NEWS
RMIT-led architecture practice wins 2016 NGV Architecture Commission
M@ STUDIO Architects, an architectural practice led by RMIT staff, will reinvent one of Melbourne’s great civic spaces with a dramatic and thought-provoking structure.

The NGV Architecture Commission is an annual competition that encourages entrants to activate the NGV site by exploring new ideas and demonstrating innovation in material use, fabrication, sustainability and recyclability.
M@ STUDIO’s winning design, a playful hot pink pavilion inspired by a suburban Melbourne car wash, will be installed in the Grollo Equiset Garden in October and will host events, talks, live music and will be available for the general public to live, relax and play.
The structure was based on the dimensions of an actual car wash in Blackburn, in Melbourne’s east, and recontextualises objects of everyday use into an art gallery context.
Built from a lightweight steel body with walls made of layered cricket netting, the car wash consists of five bays covered in pink astro turf, rubberised humps and road markings.
Two of the bays are draped in red plastic curtains, while another features a mist diffuser to give patrons that refreshing car wash feeling. A glittering translucent “car wash” sign sits atop the installation, which has been evocatively titled “Haven’t you always wanted to run through all that foam at the car lovers?”
M@ STUDIO Architects said that they were “thrilled” their quirky design was selected for the commission from over 90 entries. “Open competitions such as this provide a vital platform for architects to experiment and facilitate public discourse around the broader ideas that motivate the specific design explorations.”
Associate Professor Vivian Mitsogianni, co-director of M@ STUDIO Architects and Deputy Dean and Head of RMIT Architecture and Urban Design, said M@ STUDIO was driven by the desire to experiment and test innovative architectural and design ideas.

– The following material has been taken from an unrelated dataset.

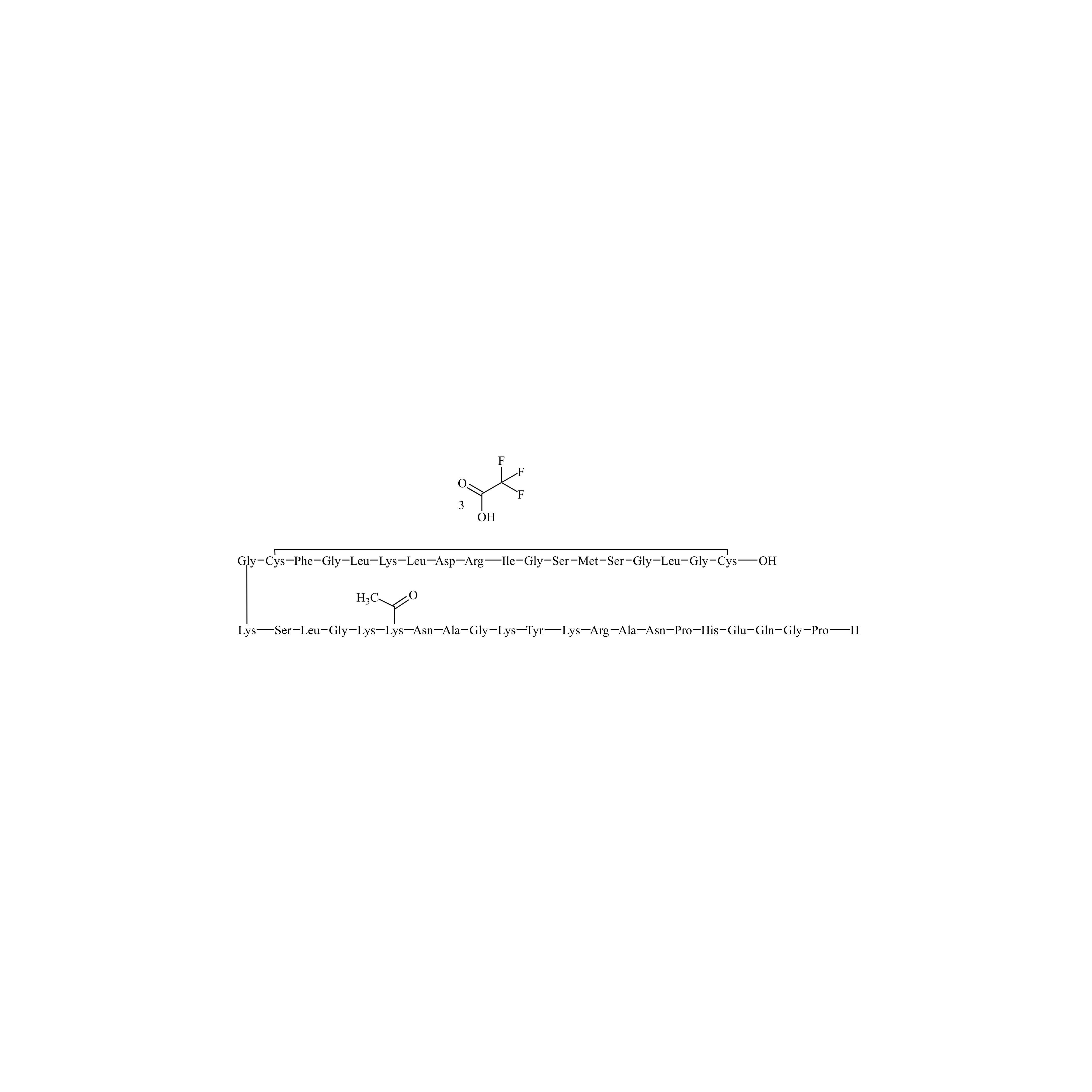 Picture of Vosoritide Impurity 8 Trifluoroacetate (Acetylated Lysin 16)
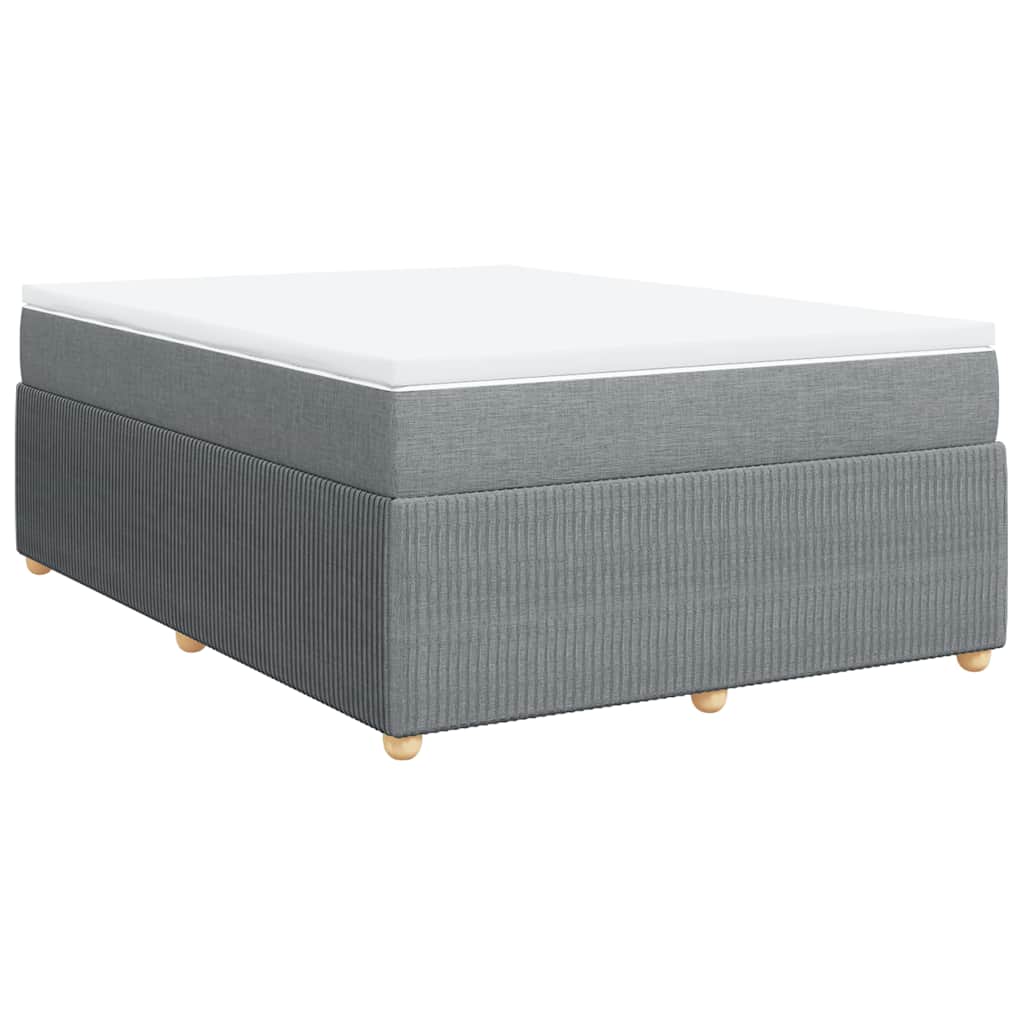 Giroletto a Molle con Materasso Grigio Chiaro 160x200cm Tessuto | homemem39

“The M@ STUDIO project provided an opportunity to further a series of design practice research projects that have been explored in the School of Architecture and Design at RMIT,” she said.
“This included the series of ideas developed through the Master of Architecture’s design studios run by Dean Boothroyd and Mark Jacques under the banner of Suburban Realism which explore new models for the expression of the civic through urban design in Melbourne’s future outer suburbs. There were combined with ideas that I have been exploring that focus on ‘dematerialisation’ and the ‘uncertain object’.”
The M@ STUDIO competition team consisted of directors Associate Professor Vivian Mitsogianni and Dean Boothroyd (RMIT architecture design tutor), Professor Mark Jacques (Professor of Architecture – Urbanism), Karla Martinez and Cameron Newnham (RMIT Architecture Associate Lecturers), RMIT architecture graduates Thomas Sheehan and Luke Tuckman, and current architecture students Kerry Kounnapisand Leona Dusanovic. “It’s a partnership between architectural practice, RMIT students, graduates and researchers, continuing and industry staff who wanted to experiment and test ideas together,” Mitsogianni said.
“This type of collaboration is in keeping with RMIT architecture’s long standing principles of industry engagement as well as venturous design experimentation that aspires to contribute ideas to the wider public and cultural sphere.”